To navigate this challenge, CFOs should collaborate closely with Chief Information Security Officers (CISOs) to align their understanding of cyber risks and establish effective communication channels.

By learning each other’s languages and perspectives, CFOs and CISOs can work together to balance the cost of addressing cyber risks with the potential consequences of not addressing them.

Annual reports and cybersecurity management

In addition to reporting individual incidents, public companies are now required to include cybersecurity management information in their annual reports.

This includes describing the company’s processes for assessing, identifying, and managing cybersecurity risks, as well as the board of directors’ oversight of cybersecurity risk. CFOs play a crucial role in ensuring that these annual reports accurately reflect the company’s cybersecurity practices.

To comply with these requirements, CFOs should work closely with their legal, IT, and cybersecurity teams to ensure that cybersecurity risk management processes are well-documented and align with industry best practices.

This documentation should outline the steps taken to address cybersecurity incidents, the impact of these incidents on the company’s financials, and the measures in place to prevent future breaches.

Consequences of non-compliance

Non-compliance with the SEC’s cybersecurity disclosure rules can have serious repercussions for companies. Violations may result in SEC penalties, investor lawsuits, reputational damage, and financial losses.

It is crucial for CFOs to understand the potential consequences of non-compliance and take proactive steps to ensure timely and accurate reporting of cybersecurity incidents.


Preparing for the 4-Day Disclosure Window

To effectively prepare for the SEC’s 4-day disclosure window, CFOs should consider the following steps:

  1. Understanding “Material” Incidents: CFOs must have a clear understanding of what constitutes a material cybersecurity incident. This requires a deep examination of the incident’s potential impact on the company’s financials, operations, reputation, customer relationships, and regulatory compliance.

  2. Building a Cybersecurity Response Team: CFOs should collaborate with CISOs, CIOs, legal teams, and other relevant stakeholders to establish a robust cybersecurity response team.

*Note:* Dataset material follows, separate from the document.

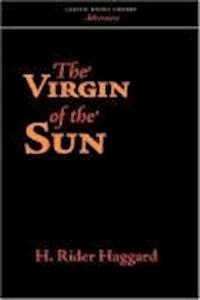 The Virgin of the Sun - Henry Rider Haggard - darmowy ebook
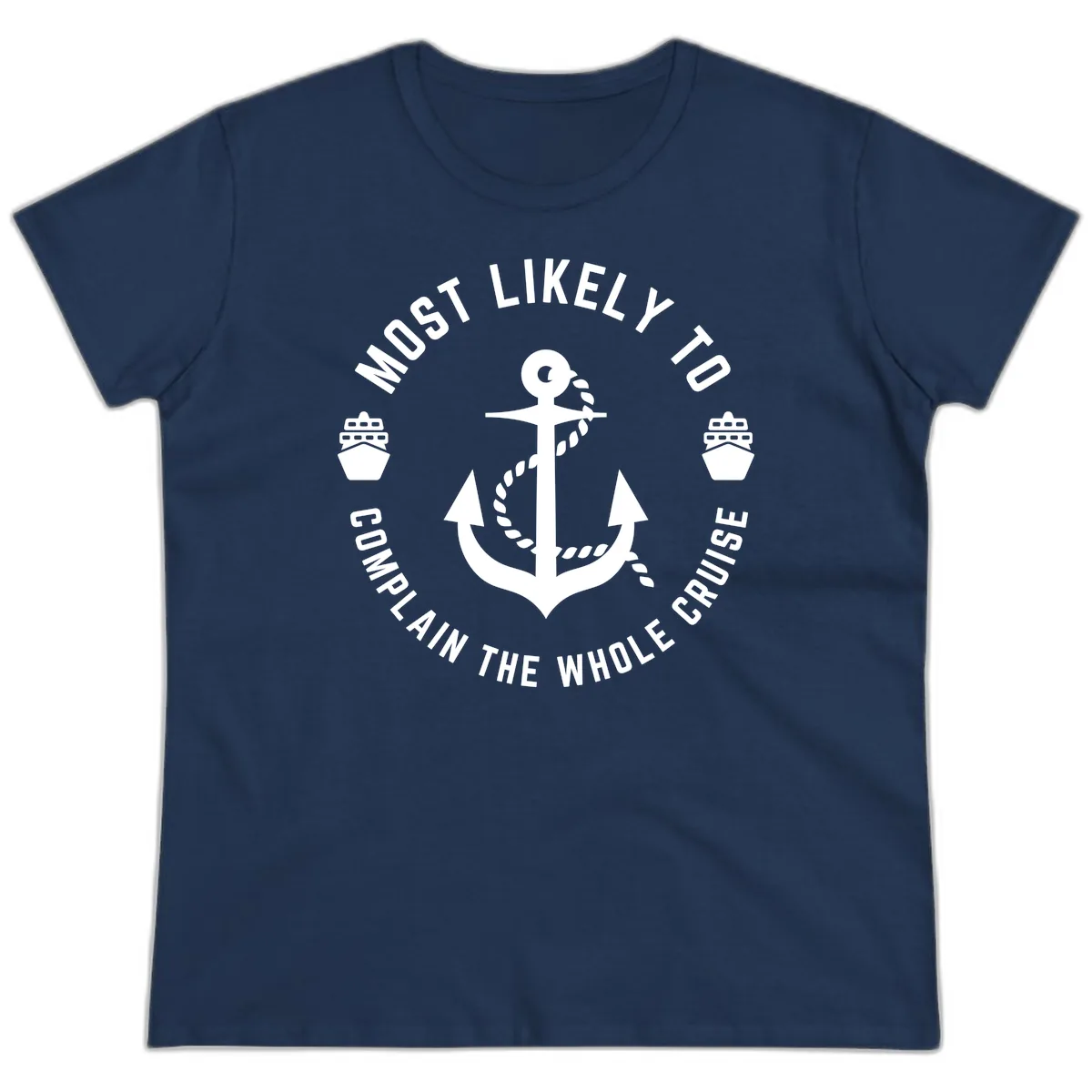Most Likely To Complain The Whole Cruise Ladies Tee in Navy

This team should be responsible for identifying, assessing, and managing cybersecurity incidents, from identification to disclosure.

  3. Implementing Effective Incident Response Processes: Companies should have well-defined incident response processes in place to ensure prompt and accurate reporting of cybersecurity incidents. These processes should outline the roles and responsibilities of each team member, as well as the communication channels and escalation procedures.

  4. Regular Training and Awareness Programs: CFOs should prioritize cybersecurity awareness and training programs for all employees, ensuring that they understand the importance of cybersecurity and their role in protecting sensitive information. This includes educating employees on how to identify and report potential cyber threats.

  5. Engaging External Experts: In some cases, companies may benefit from engaging external experts to assess their cybersecurity posture and provide guidance on compliance with the SEC’s disclosure rules. These experts can offer valuable insights and help identify any gaps in the company’s cybersecurity practices.

  6. Continuous Monitoring and Improvement: CFOs should implement regular monitoring and assessment processes to identify and address potential vulnerabilities in the company’s cybersecurity defenses. This includes staying up-to-date with the latest cybersecurity threats and industry best practices.


Although the SEC’s cybersecurity disclosure rules may present challenges for CFOs, compliance with these regulations offers several benefits. By promptly disclosing material incidents and providing transparent information about cybersecurity risk management, companies can enhance their reputation, build investor trust, and mitigate the financial risks associated with cyberattacks.

Furthermore, adherence to these regulations demonstrates a commitment to cybersecurity and can attract potential investors who prioritize sound cybersecurity practices.